An important requirement for suppression of recombination in dye sensitized solar cells, specifically when one‐electron redox mediators are being used, is a favorable geometric position of the E6 dye on the metal oxide surface. The additional TPA groups should point out from the surface. As the groups are connected in a flexible fashion, in the worst case scenario they could bend down close to the surface. In that case recombination might be facilitated. Photoelectron spectroscopy measurements (results shown in the Supporting Information, Figure S1) suggest that under optimized sensitization conditions using DCM as solvent, the dye orientation of E6 on the TiO2 surface is favorable, with the peripheral TPA group pointing away from the surface.
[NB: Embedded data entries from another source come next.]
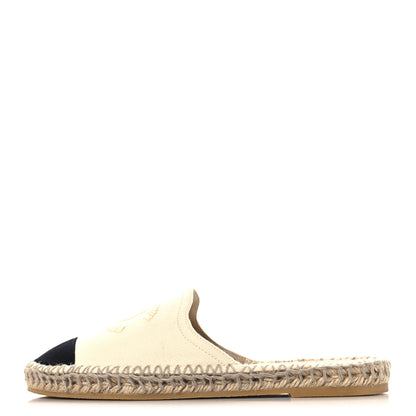 Chanel Denim CC Espadrille Mules 38  White Black 1 of 9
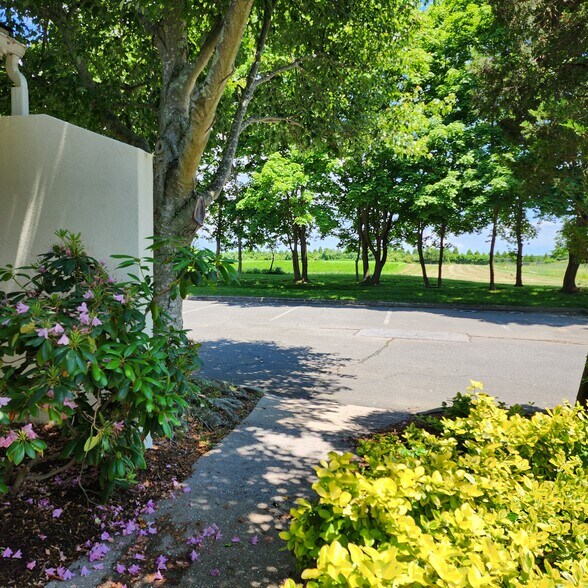 More Photos Of 446 Edwards Ave, Calverton Flex For Lease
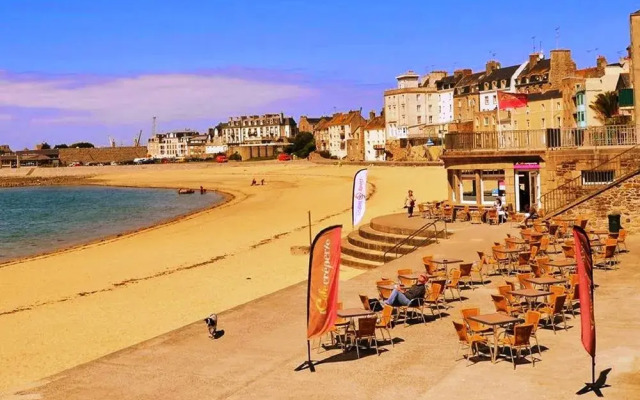 Hotel De La Mer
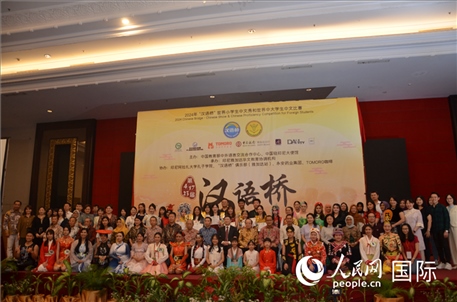 出席閉幕典禮的嘉賓、學(xué)校師生及獲獎(jiǎng)選手等合影留念。人民網(wǎng)記者李培松攝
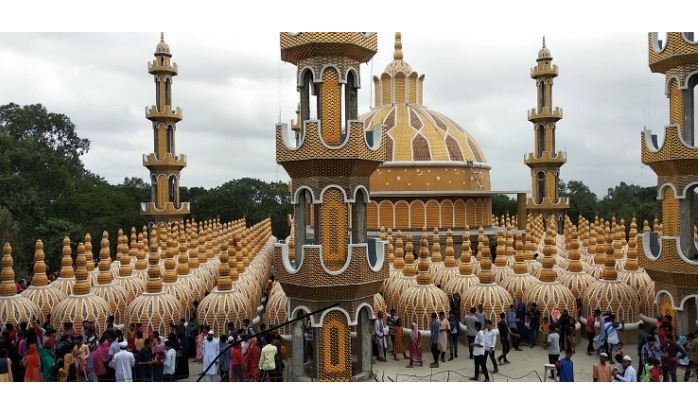 উদ্বোধনের অপেক্ষায় টাঙ্গাইলের ২০১ গম্বুজ মসজিদ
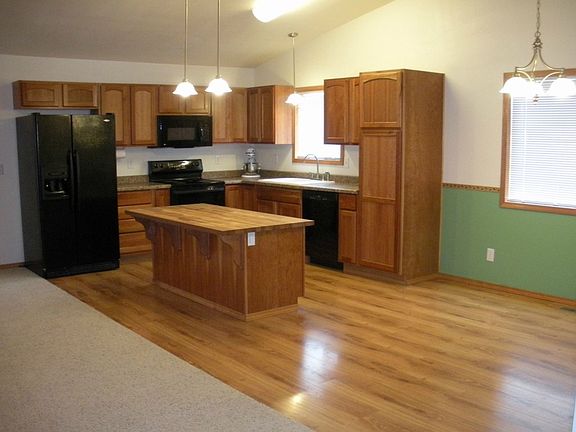 2nd image of 108 Maulwee Dr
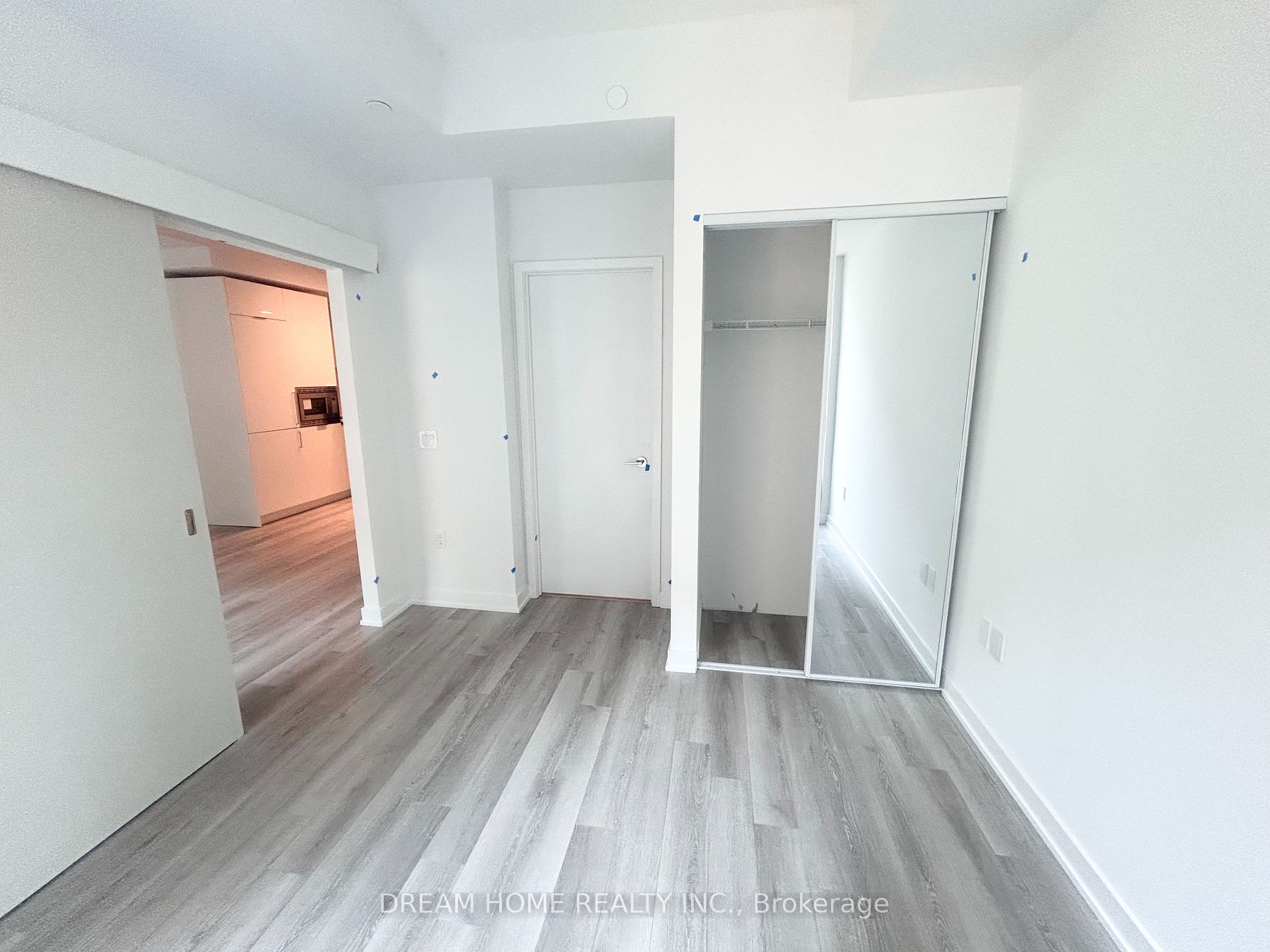121 St Patrick St Property Photo 11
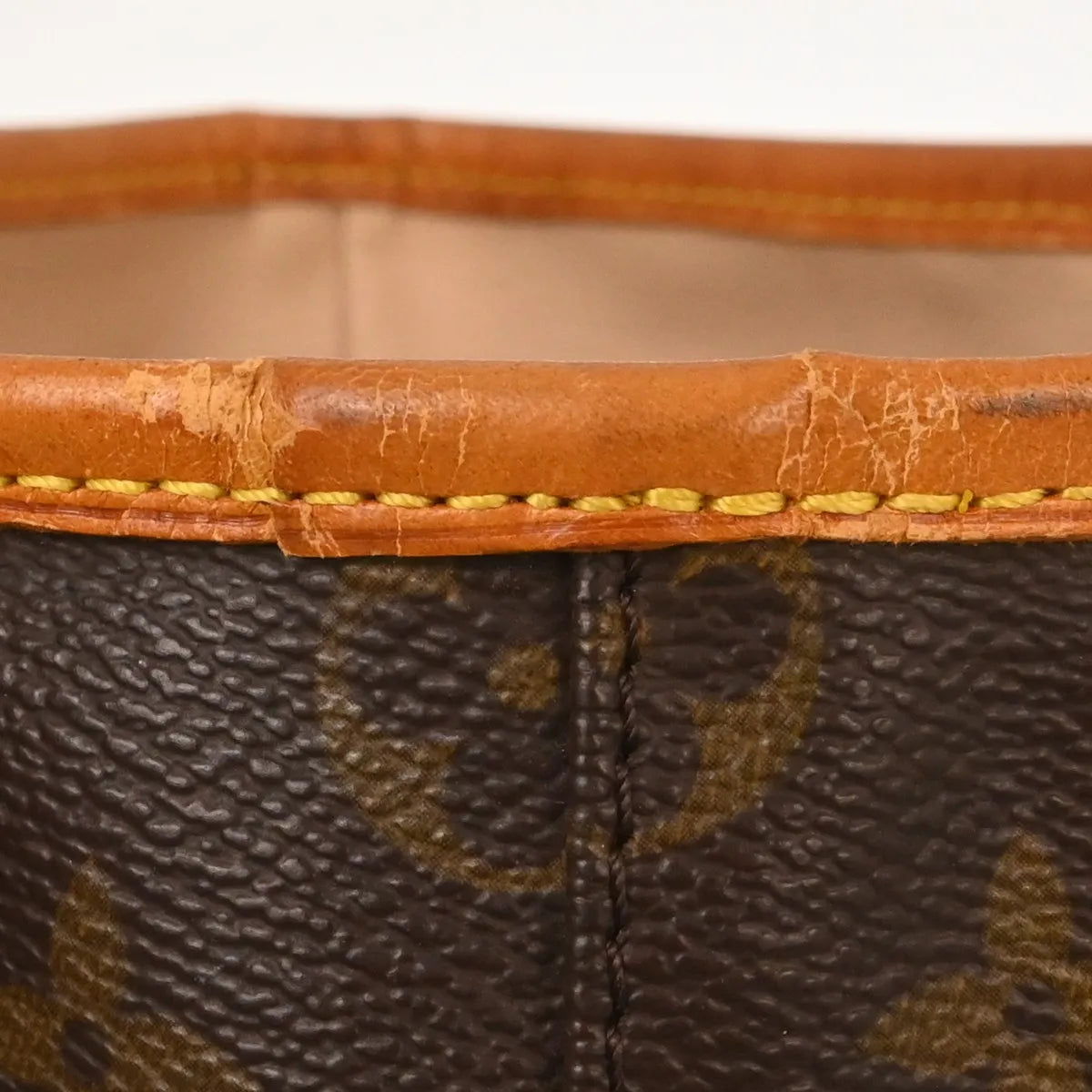 Louis Vuitton Bucket Monogram Canvas Brown Canvas Tote Bag Bag (Pre-Owned)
Photovoltaic Performance of Solar Cells

In the following, we compare and discuss solar cell characterization employing both dyes. The solar cells were prepared as described before,15 using a paste from Dyesol with 30 nm particle size. The thickness of the TiO2 layer was 9 μm and the active area 5 × 5 mm2. A cobalt‐based electrolyte was introduced containing 0.1 M LiClO4, 0.2 M TBP, 0.22 M Co(bpy)3(PF6)2, and 0.05 M Co(bpy)3(PF6)3 in acetonitrile. Performance data are given in Table and the IV curves as well as the IPCE spectra are shown in Figure . The best overall efficiency of E6 was 6.0% whereas it was 5.1% in the case of D49. From IV data it is obvious that this difference stems from a lower V OC of D49. The V OC of DSCs is given by the difference between the quasi‐Fermi level of electrons in the TiO2 film and the redox potential of the electrolyte. Since the redox potential of the electrolyte is the same for both types of solar cells employing D49 and E6, respectively, the lower V OC of D49 has to be explained by a lower quasi‐Fermi level.

Table 1

Current–voltage characteristics of DSCs sensitized with D49 and E6 using cobalt trisbipyridine‐based electrolyte

Dye	V OC [V]	J SC [mA cm−2]	FF	η [%]
D49	0.79	9.25	0.71	5.1
E6	0.92	9.02	0.72	6.0

Figure 8

a) Current density versus applied potential curves of D46 (blue) and E6 (red) based dye‐sensitized solar cells under 1000 W m−2 AM 1.5 G illumination (drawn lines) and in darkness (dashed lines) and b) IPCE spectra of D46 (blue) and E6 (red) based DSCs. A cobalt‐based electrolyte is used.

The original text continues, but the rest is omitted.